One of my clients wants it for everything (typically text, stats, and graphs), and typically views it as just an "add a button" sort of feature, when it winds up being a "reimplement the layout in a different language" sort of thing. (leaving apart the thing where basically they want a gigantic lovecrafian horror of an excel file translated to the web)
PDFs have the ability to be a fixed, baked reference of a document. Even if it's not printed, it's something that people want.
I completely agree. Having the ability to look at what a dynamic document looked like at a particular moment in time (and be able to archive it), is a very important feature. In a dynamic document like Notion, people will still want to know what the data/doc looked like when decisions are made. Page-based layouts make this much easier.
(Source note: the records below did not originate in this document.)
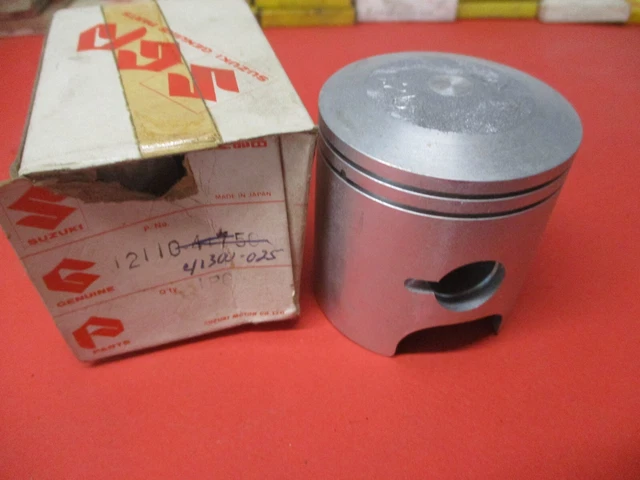 Piston Suzuki RM 125 - Pièces Tout-terrain sur La Bécanerie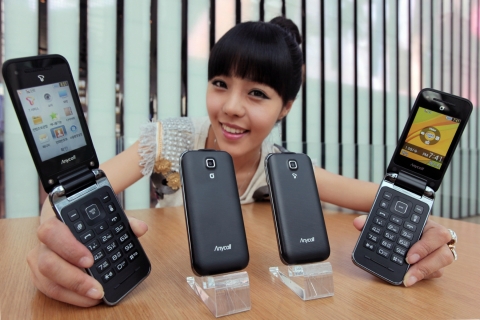 심플한 디자인에 실용성을 겸비한 삼성전자 폴더폰 '미니멀 폴더'가 SKT와 KT를 통해 출시됐다.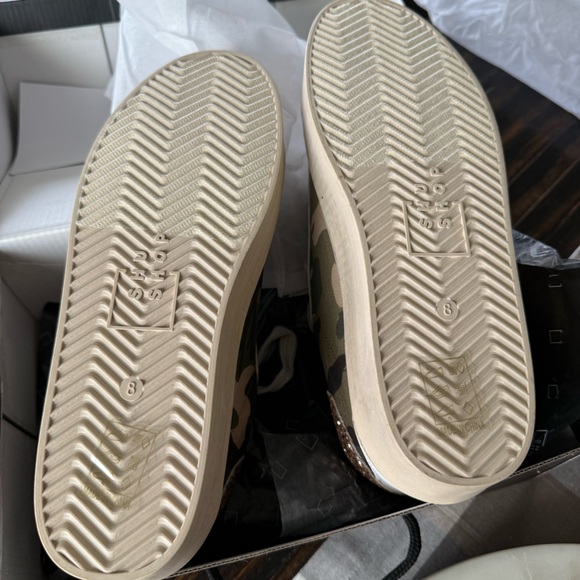 ShuShop Reba Camo Sneakers New in Box - Picture 9 of 10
Plenty of software can edit pdfs. I have used affinity designer in past to fix up issues in PDFs received from designers.
Seems like this can be better addressed by versioning and audit logs or checksums.
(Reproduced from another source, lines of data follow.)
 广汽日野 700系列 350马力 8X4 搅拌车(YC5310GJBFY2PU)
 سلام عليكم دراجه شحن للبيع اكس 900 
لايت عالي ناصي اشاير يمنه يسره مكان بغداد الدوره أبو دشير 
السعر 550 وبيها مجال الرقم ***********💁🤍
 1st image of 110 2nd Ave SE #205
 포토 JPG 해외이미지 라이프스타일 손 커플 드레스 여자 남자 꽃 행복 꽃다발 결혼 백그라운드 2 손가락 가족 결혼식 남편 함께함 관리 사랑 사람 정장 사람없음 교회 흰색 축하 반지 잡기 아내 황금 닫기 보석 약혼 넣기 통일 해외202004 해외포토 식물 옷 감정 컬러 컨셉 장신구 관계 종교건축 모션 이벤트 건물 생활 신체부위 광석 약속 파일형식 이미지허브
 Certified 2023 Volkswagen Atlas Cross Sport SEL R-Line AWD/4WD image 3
Notion could implement a feature like "permalink to the content as it was at this point in time". Maybe they already have. But for me to be sure that's an immutable record, I at least have to trust Notion.
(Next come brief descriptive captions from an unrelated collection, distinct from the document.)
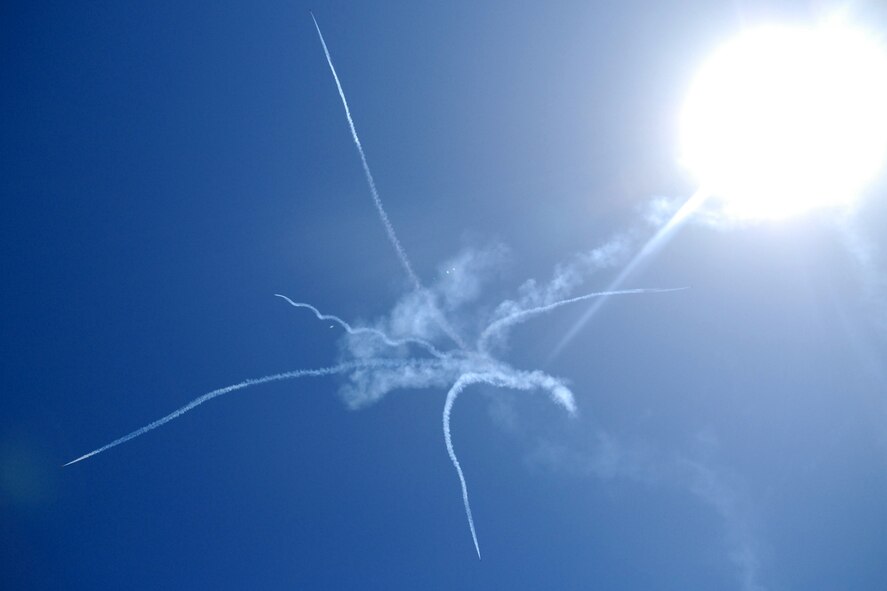 HICKAM AIR FORCE BASE, Hawaii -- The Thunderbirds, U.S. Air Force Demonstration Squadron, perform over Hickam Air Force Base, Hawaii, during the "Wings Over the Pacific," Open House Sept. 19 before a crowd of more than 42,000. The Thunderbirds demonstrate the capabilities the F-16 Fighting Falcon by performing combat maneuvers during their aerial demonstration. This is Hickam's first open house since 2003, and a crowd of nearly 100,000 paid a visit during the weekend. (U.S. Air Force photo/Staff Sgt. Mike Meares)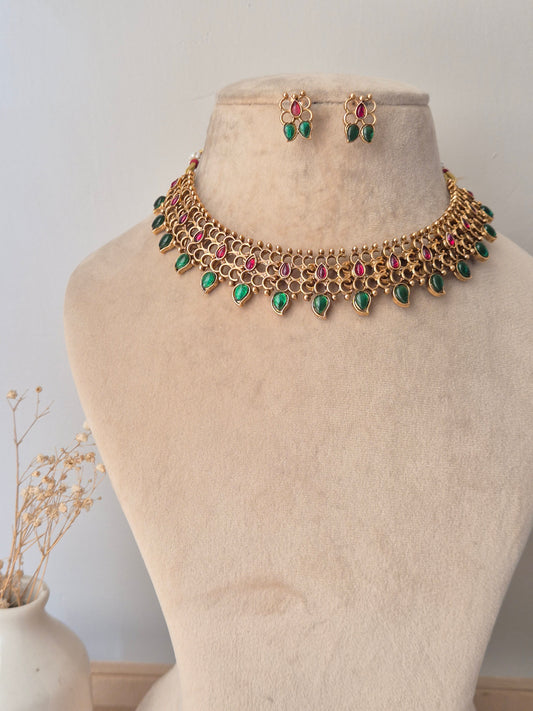 Fulmala Necklace Set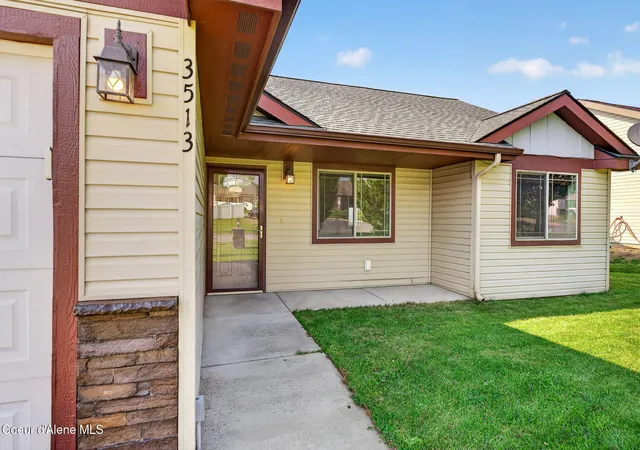 Photo 4 of Sale Pending at 3513 N Carriage Ct, Post Falls, ID 83854 | MLS# 26-8702 | Listing updated on 2026-09-24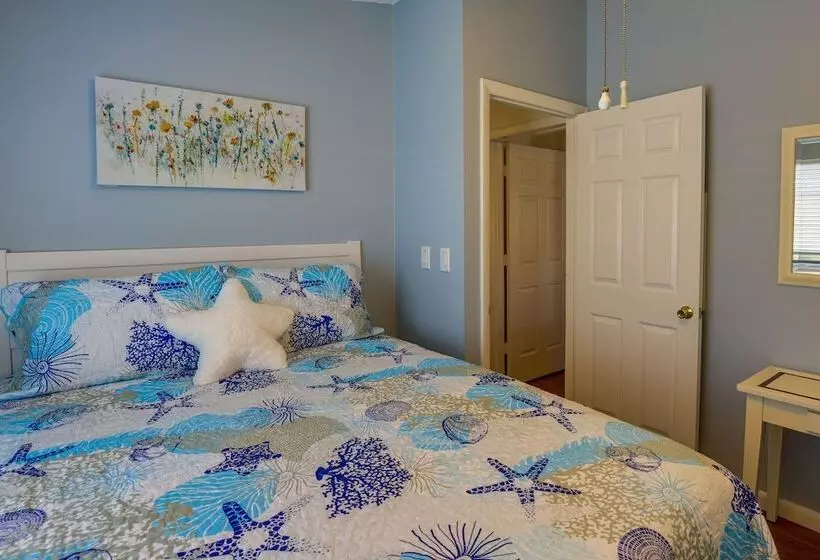 Cozy Jensen Beach Home: Pool Access, Walk To Beach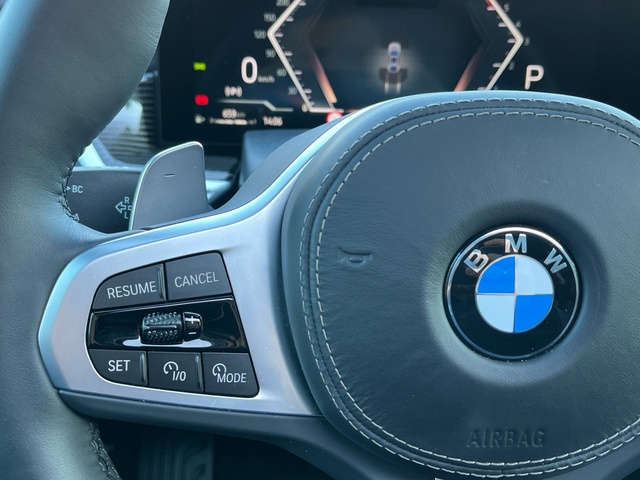 BMW X6 xDrive30d color Gris. Año 2025. 210KW(286CV). Diésel. En concesionario Celtamotor Vigo de Pontevedra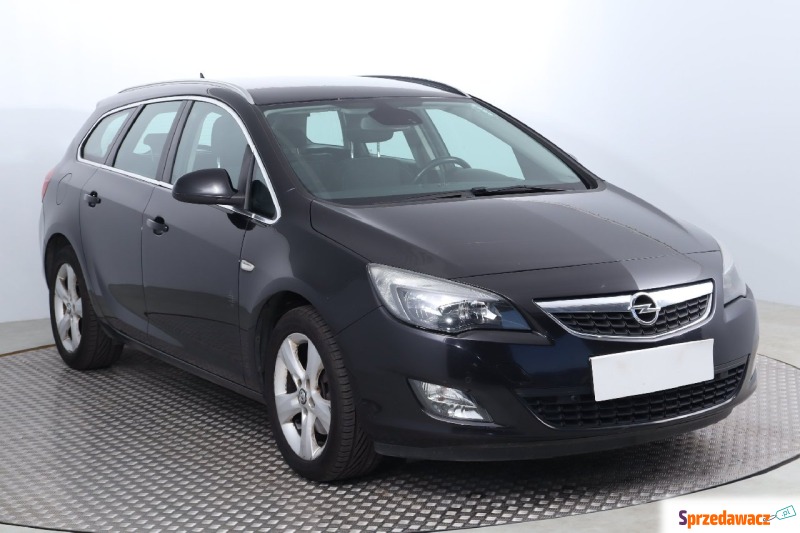 Opel Astra  Kombi 2010,  1.6 benzyna - Na sprzedaż za 25 999 zł - Bielany Wrocławskie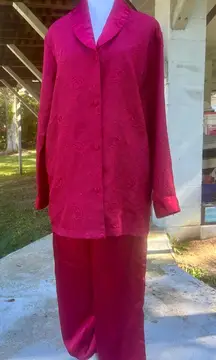 Jaclyn Smith Wine Colored 2 Piece Pajamas Set Loungewear Size Medium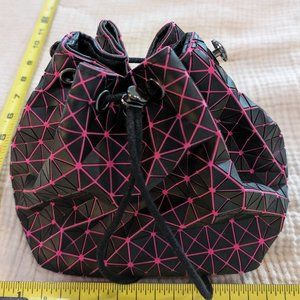 Geometric 3d style hot pink drawstring hobo bag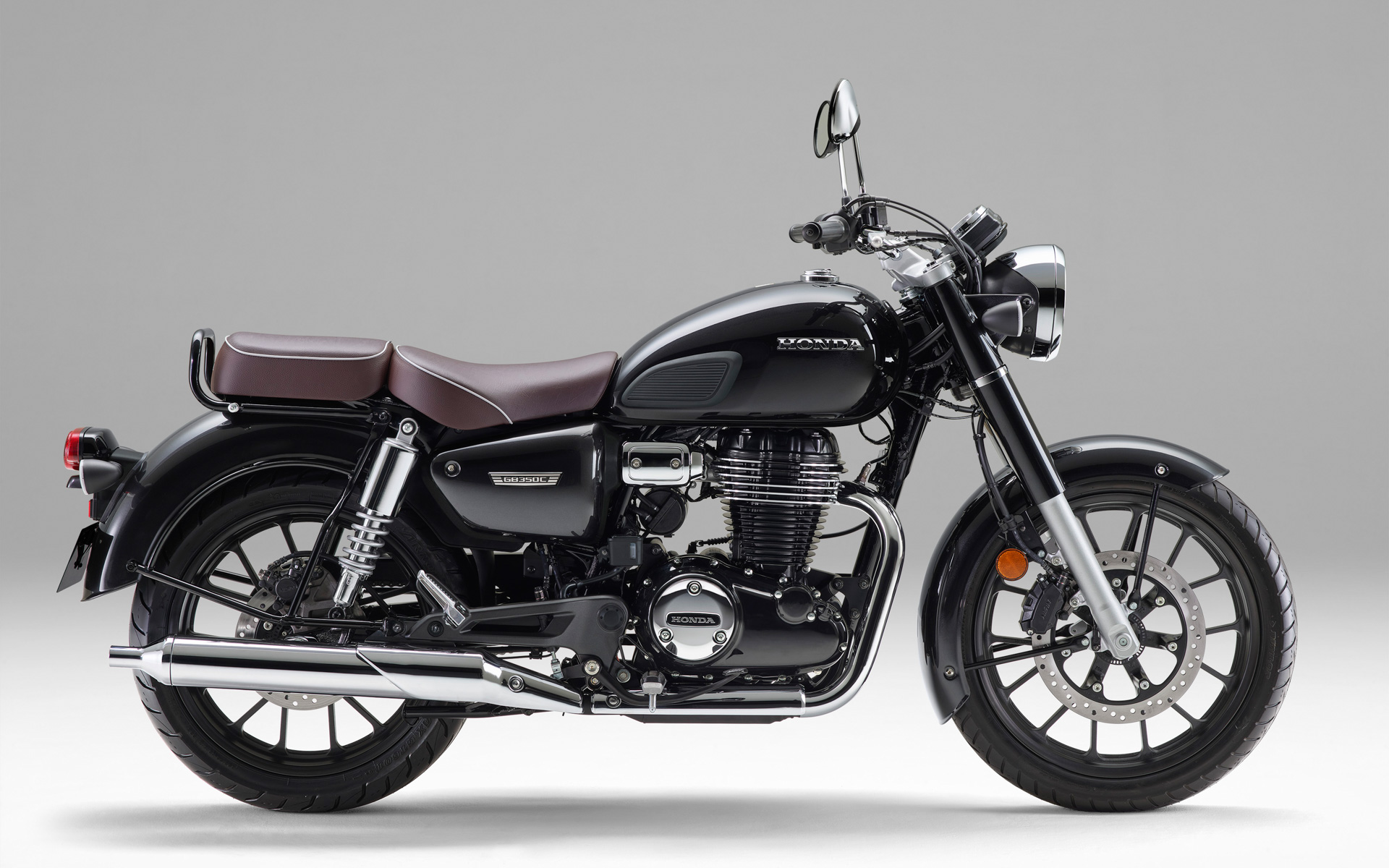 GB350 C（ガンメタルブラックメタリック）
I don't see where checksums come into it - either I trust Notion to tell me I'm getting the same document we agreed on, or I need to be able to download the document in a readable form and compute the hash on my client. In which case we're back at PDF again.
It doesn't need to be optimized, but it should be possible to achieve things like static PDF or printout.
Is it becoming niche? Yeah, probably, but we might want to think of it as being niche in the way that accessibility features are niche.
Anytime I need to read big documents I just export them and put it on it. Easy for the eyes and easy to take note on the document.
Also, when sending something to a client, it’s way more professional to send them a pdf document as an attachment they can open right in their browser instead of some obscure google docs / notion link.